Low-level access to a loaded model's tokenizer and static metadata. Useful for budgeting prompts against the context window, pre-tokenizing prefixes, building custom samplers, or inspecting which device a model is running on.

These primitives share the same in-process model thread used for inference, so the model is loaded on demand and reused across calls — no separate load step is required.

note

Logits and hidden activations are intentionally not exposed in this release.

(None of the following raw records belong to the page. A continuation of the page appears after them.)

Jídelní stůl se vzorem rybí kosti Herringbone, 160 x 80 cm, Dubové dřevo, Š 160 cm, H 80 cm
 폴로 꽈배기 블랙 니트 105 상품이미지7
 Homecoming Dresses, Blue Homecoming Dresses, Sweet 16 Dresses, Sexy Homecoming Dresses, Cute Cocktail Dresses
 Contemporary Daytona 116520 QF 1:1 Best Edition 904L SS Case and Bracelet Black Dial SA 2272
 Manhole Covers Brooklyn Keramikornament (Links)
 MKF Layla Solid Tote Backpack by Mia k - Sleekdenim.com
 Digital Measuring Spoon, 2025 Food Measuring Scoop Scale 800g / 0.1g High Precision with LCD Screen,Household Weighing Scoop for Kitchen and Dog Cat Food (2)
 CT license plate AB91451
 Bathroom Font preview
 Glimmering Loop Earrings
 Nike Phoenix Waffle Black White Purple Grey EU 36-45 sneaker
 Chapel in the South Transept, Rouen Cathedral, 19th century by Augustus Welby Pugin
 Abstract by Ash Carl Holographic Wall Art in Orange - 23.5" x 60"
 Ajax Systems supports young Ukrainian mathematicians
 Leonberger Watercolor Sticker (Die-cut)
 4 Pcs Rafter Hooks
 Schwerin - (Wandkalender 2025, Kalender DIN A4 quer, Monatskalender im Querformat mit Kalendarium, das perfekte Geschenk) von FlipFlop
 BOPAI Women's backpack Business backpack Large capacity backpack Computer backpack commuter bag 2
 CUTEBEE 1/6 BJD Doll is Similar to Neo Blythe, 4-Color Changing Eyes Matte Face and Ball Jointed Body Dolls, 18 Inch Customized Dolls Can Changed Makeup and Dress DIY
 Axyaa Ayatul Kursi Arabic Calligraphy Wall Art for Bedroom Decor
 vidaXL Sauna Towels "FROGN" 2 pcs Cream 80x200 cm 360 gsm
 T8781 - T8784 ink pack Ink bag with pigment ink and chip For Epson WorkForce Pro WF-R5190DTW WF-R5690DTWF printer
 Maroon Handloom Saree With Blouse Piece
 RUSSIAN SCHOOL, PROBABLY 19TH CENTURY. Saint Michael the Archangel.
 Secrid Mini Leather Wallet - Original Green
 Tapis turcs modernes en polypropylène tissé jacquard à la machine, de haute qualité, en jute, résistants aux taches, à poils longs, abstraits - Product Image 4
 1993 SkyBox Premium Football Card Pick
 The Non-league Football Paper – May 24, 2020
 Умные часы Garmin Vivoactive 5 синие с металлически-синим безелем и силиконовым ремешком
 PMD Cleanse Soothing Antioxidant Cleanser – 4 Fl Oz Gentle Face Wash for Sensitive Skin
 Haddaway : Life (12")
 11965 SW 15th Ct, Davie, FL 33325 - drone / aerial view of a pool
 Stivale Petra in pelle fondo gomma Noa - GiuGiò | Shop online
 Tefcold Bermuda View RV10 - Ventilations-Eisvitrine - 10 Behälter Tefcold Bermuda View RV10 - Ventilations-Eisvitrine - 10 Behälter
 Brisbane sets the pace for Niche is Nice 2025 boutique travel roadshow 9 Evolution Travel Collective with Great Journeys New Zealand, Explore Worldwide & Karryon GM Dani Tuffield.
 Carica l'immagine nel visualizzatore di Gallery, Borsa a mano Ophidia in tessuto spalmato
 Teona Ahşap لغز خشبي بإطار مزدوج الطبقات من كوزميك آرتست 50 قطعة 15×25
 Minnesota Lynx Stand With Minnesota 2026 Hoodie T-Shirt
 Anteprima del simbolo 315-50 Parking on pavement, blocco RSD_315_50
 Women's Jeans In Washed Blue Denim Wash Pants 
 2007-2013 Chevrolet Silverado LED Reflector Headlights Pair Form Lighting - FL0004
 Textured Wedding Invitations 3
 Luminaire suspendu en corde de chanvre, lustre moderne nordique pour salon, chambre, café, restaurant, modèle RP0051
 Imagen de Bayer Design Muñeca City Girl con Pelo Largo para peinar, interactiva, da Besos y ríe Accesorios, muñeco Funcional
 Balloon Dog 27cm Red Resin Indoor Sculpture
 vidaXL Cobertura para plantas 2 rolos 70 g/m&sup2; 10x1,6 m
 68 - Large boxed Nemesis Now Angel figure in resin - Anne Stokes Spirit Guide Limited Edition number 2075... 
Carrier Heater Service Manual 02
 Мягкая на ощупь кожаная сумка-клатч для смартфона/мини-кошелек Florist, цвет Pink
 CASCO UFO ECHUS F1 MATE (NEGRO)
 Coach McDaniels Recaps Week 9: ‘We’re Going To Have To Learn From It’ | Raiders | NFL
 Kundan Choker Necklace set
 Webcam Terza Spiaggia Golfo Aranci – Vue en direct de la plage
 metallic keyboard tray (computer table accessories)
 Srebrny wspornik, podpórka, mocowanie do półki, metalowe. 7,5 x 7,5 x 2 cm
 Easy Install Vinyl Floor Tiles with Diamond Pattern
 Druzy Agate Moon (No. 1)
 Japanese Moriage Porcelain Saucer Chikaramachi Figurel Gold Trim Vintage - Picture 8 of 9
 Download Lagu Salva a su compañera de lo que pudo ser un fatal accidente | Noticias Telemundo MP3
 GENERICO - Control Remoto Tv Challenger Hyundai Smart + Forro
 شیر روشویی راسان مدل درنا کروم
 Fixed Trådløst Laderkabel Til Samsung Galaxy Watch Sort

They are model-specific, large, and have a high compatibility risk across model architectures and quantization formats.

API

MethodReturnsPurpose
tokenize(model, text)list[int]Encode text using the model's tokenizer
detokenize(model, tokens, skip_special_tokens?)strDecode a token sequence back to text
model_capabilities(model)ModelCapabilitiesInspect vocab size, context window, dtype, device

ModelCapabilities fields:

FieldTypeDescription
model_idstringThe model identifier as loaded
vocab_sizeintTokenizer vocabulary size
max_position_embeddingsintContext window in tokens
dtypestringActive weight dtype (e.g. "BF16", "F16", "Q4_K_M")
backend_kindstringActive device (e.g. "metal", "cuda", "cpu")

Usage

import json
import atelico

engine = atelico.Engine()

model = "in-memory::meta-llama/Llama-3.2-3B-Instruct-Q4_K_M"
engine.load_model(model)

# Inspect the model
caps = json.loads(engine.model_capabilities(model))
print(f"context window = {caps['max_position_embeddings']} tokens, "
f"running as {caps['dtype']} on {caps['backend_kind']}")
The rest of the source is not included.